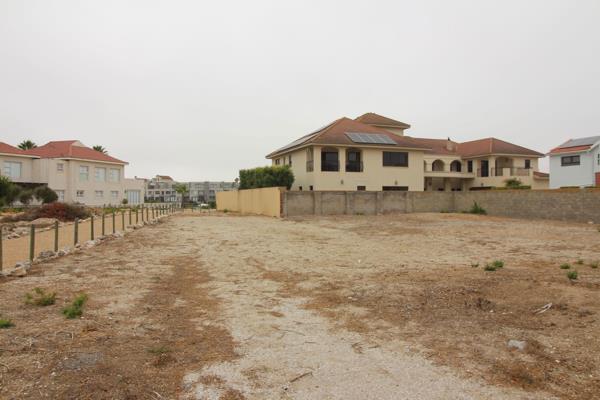 824 m² Land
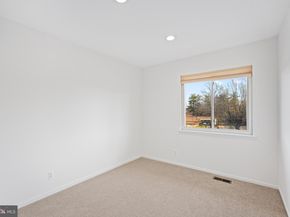 2716 Glengyle Drive, Vienna VA 22181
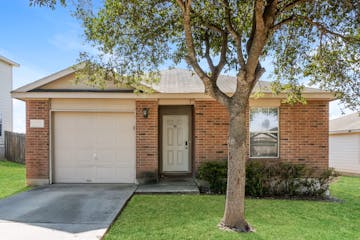 5822 Blonde Canyon San Antonio, TX 78252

## Problem requirements:
Please reproduce verbatim the lines from the line with "2716 Glengyle Drive, Vienna VA 22181" through the final line of the listing, inclusive of both ends. Omit all pictures.

## Task answer:
 2716 Glengyle Drive, Vienna VA 22181
 5822 Blonde Canyon San Antonio, TX 78252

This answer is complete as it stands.